António Guterres, the U.N. Secretary-General, said Wednesday there’s a need for a “windfall” tax on fossil fuel companies—which he called “the godfathers of climate chaos—that would go toward the fight against climate warming.
Last month was the hottest May in history, according to the EU’s Copernicus service, with an average air temperature of 60.6 degrees Fahrenheit (15.9 degrees Celsius). This was the 12th consecutive monthly record high and thought to be 1.52 degrees Celsius higher than the average monthly temperature for May prior to industrial times.
Burning fossil fuels, such as gas, oil and coal, is the No. 1 contributor to human-caused global warming. The World Meteorological Organization predicts that the mean near-surface temperature across the globe will range between 1.1 and 1.9 degrees Celsius higher than before industrial times.
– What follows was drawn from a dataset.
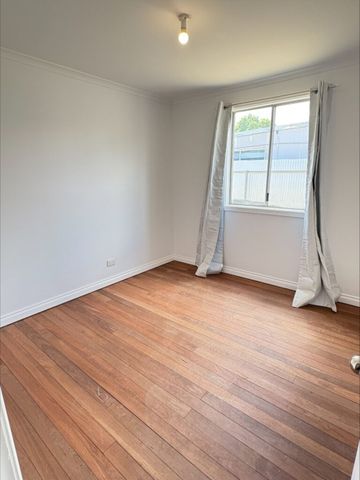 Space, access, and comfort! - Photo 5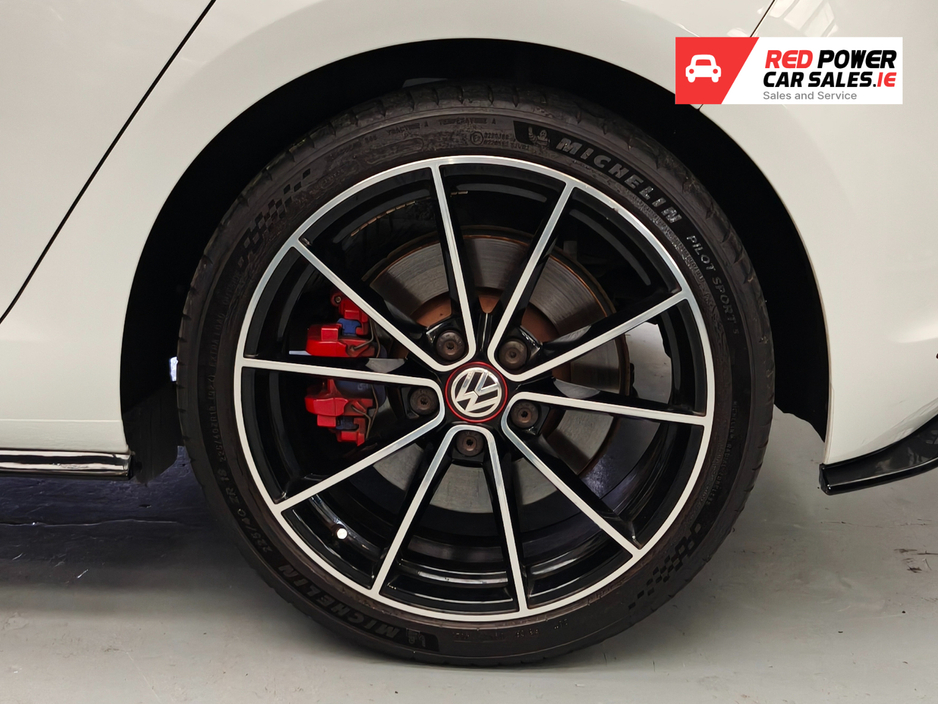 2016 Volkswagen Golf GTI Clubsport Street Edition//LOW KMs €25,950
“Beyond the predictions and statistics is the stark reality that we risk trillions of dollars in economic losses, millions of lives upended and destruction of fragile and precious ecosystems and the biodiversity that exists there,” said Ko Barrett, the WMO’s deputy secretary-general, at news conference in Geneva. “What is clear is that the Paris agreement target of 1.5 degrees Celsius is hanging on a thread. It’s not yet dead, but it’s hanging by a thread.”